イスラム教徒は毎日5回お祈りしてるんでしょ?
なんて思ってるかもしれないけど
生まれも育ちもアメリカで、
アメリカの学校行って、アメリカのテレビ観て育ってる主人公は
イスラム教徒だけどお祈りなんか大嫌いだし〜〜(笑)
主人公の自由さとガチガチのイスラム教徒の親とのギャップも
どこの国のどこの親子にもありそうな話で
ジョークがわからなくても普通に笑えて
最後はみんな一緒に前向きに楽しく生きて行ければ
それで良いじゃん!
と言う雰囲気がとにかく気持ちいい。
声高に移民や人種差別問題をどうこうと叫ぶのではなく
個人個人がよく知ってる友達を、恋人を、親を、
普通に好きで普通に大事に思っていればいい。
何だか、私たちにできる答えを貰った様な映画だと思います。
★もう一度観るなら?「レンタルか配信で、じっくり!」
実話かぁ なら仕方ない
人気コメディアンの結婚のお話しだが
その割には 会話のテンポも内容もそれほど面白くない。それは、コメディは言葉や文化の壁があるから 字幕では伝わらないのかもしれない。なぜか この二人に引き込まれなかった。
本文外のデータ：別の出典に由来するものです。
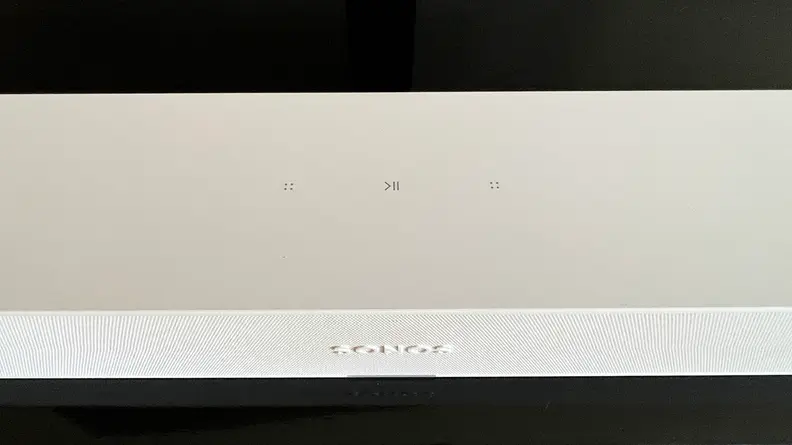 The white Ray soundbar's top touch keys are shown as it sits on a black and brown console.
実話ゆえに文句つけられないが 彼女が大病になって、互いの心知り 結ばれるという お話し
このコメディアン 向こうでは人気あるのか…
でも 移民排斥だ ヘイトだテロだ閉塞感の世の中には 和む映画 本国での大ヒットはそんな背景もあるかも
スパイスの効いたラブコメ
クメールとエミリーというキュートなカップルのロマンスと2人を取り巻くを家族を描く、気軽に観れるハートウォーミングな話だった。脚本を書いたのはクメール・ナンジアニとエミリーV. ゴードンの夫妻。実際の2人の出会いをベースに書かれており、私たちはこの2人のおのろけ話を聞かされるわけだが、クメールがパキスタンからの移民であることで、なかなかスパイスの効いたラブコメになっている。
面白かった
久しぶりにもっと観ていたい、と思う映画でした。
正直、シェイプ・オブ・ウォーターよりもスリービルボードよりも良かった。
アカデミー賞最有力とか書かれていたので、何の部門だろう、って調べてみたら脚本賞にノミネート。なるほど。
確かにて派手な演技も演出もないから作品賞は無理か…笑
でも、エイミーのお父さん役は助演男優賞モノでしたよ。
ハートウォーミングなストーリーとコメディ要素が絡み合った良い作品でした。
2018-22
パキスタンの慣習ではないけど、自分の母親の言ってたことを思い出した。
バブリーなときに大手の会社に就職して、女子はお茶汲みしとけばいいと言われ、結婚して寿がシアワセ、25過ぎたら女は終わりだから~という時代で、
好きな仕事をすることもできず、それが苦痛だったし、そんなときにお見合いして、さくっと結婚して、やめてやったわ!と言ってた。
結局早く結婚して、子供も産まれて勝ち組やんって言ったら、「早く結婚して子供もいたから、遊べなかった」とか言われ、それ娘に言っちゃう真っ正直さ、娘に確実に遺伝してます。
話はそれましたが……。
わたしはエミリーママが好きだった。
自分の母親みたいに正直で、お酒飲んで娘の彼氏にのろけちゃう可愛さが魅力的。
実話と知らずに見た方がよかったかもなぁ。
期待上げすぎたからか、普通にいい話、という感じ。
すみません正直で。
アメリカン・ジョークわからん
実話でなければ、ふーんという内容だと思う。そもそも、アメリカのスタンダップ・コメディがわからないので、笑い所がつかめなかっった。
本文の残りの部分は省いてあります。